Exercise aim: Except for images, print the whole listing verbatim.

Data:
------------------------------------------------------------------------

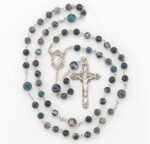 Round Imperial Jasper Blue Bead Rosary Sterling Crucifix and Centerpiece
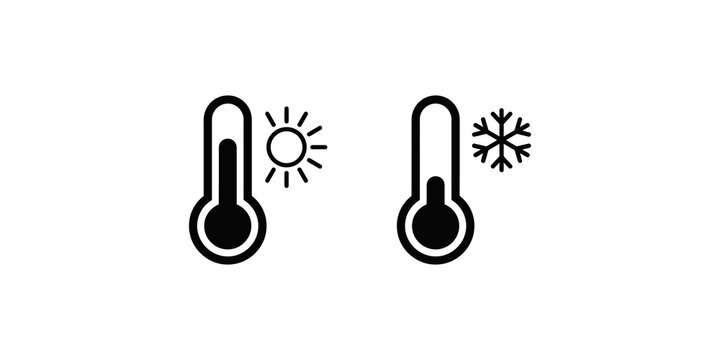 Thermometer icons with sun and snowflake symbols representing hot and cold temperature measurement for weather apps and HVAC systems.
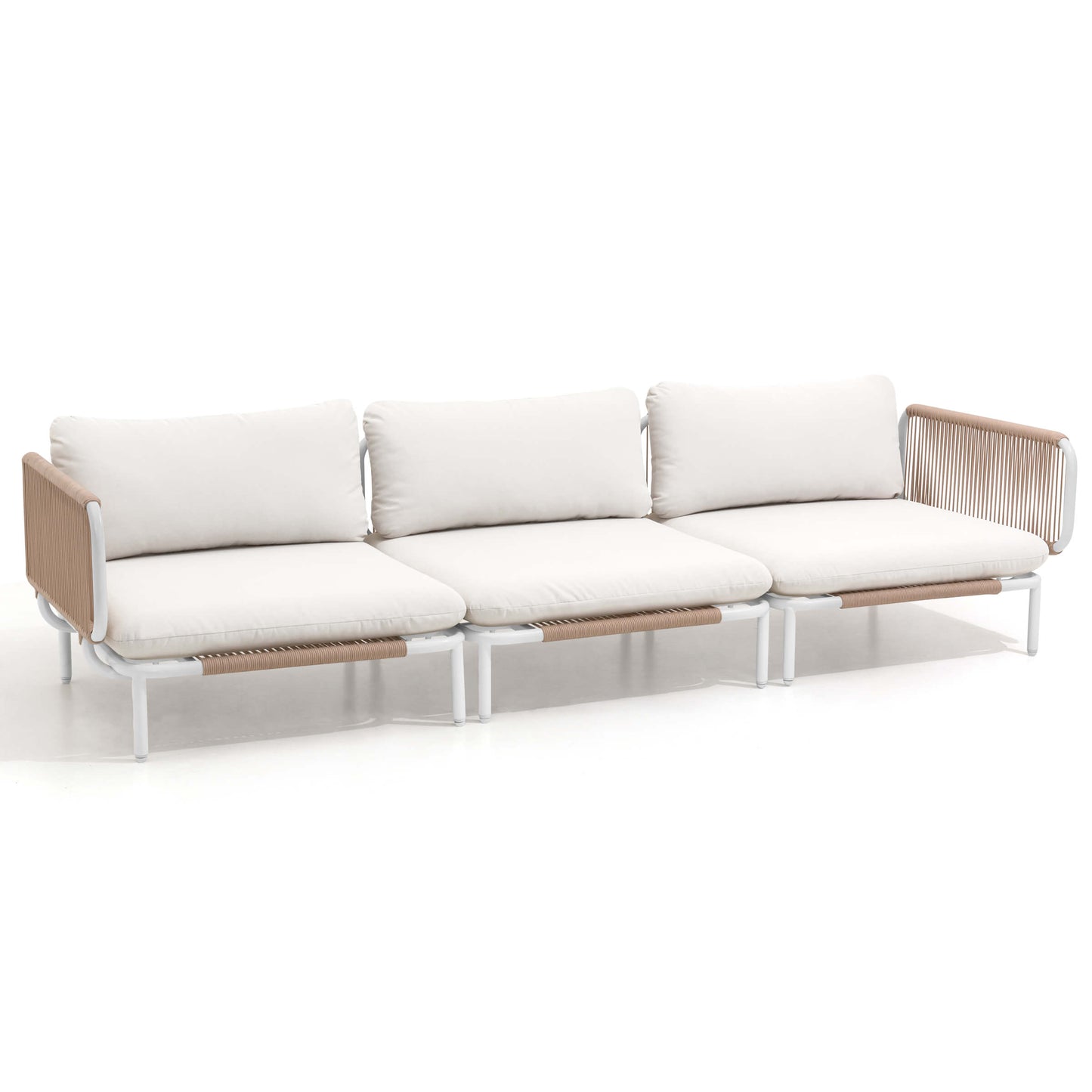 Modular Patio Sofa Chair with Rope Weave & Convertible Armrests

------------------------------------------------------------------------

Exercise response:
 Round Imperial Jasper Blue Bead Rosary Sterling Crucifix and Centerpiece
 Thermometer icons with sun and snowflake symbols representing hot and cold temperature measurement for weather apps and HVAC systems.
 Modular Patio Sofa Chair with Rope Weave & Convertible Armrests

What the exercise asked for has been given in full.